• **Prompt**: The listing is to be returned word for word, without its images.
··· Data segment ···
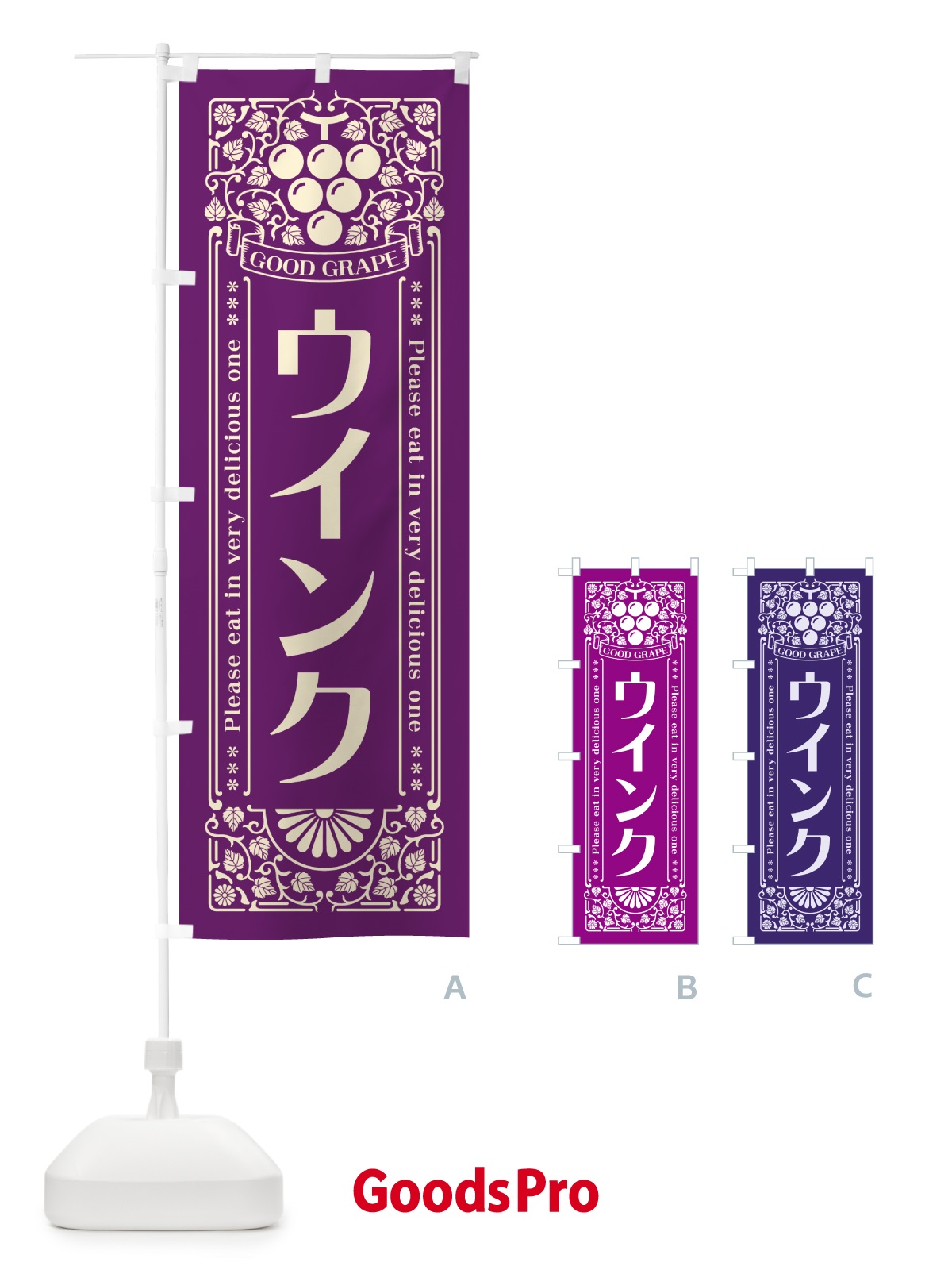 プレースホルダー画像
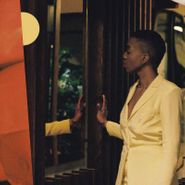 Emmavie, Honeymoon (CD)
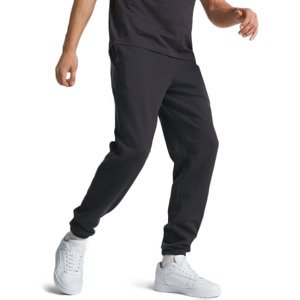 Nohavice Puma Better Pants FL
···
• **Reply**:
 プレースホルダー画像
 Emmavie, Honeymoon (CD)
 Nohavice Puma Better Pants FL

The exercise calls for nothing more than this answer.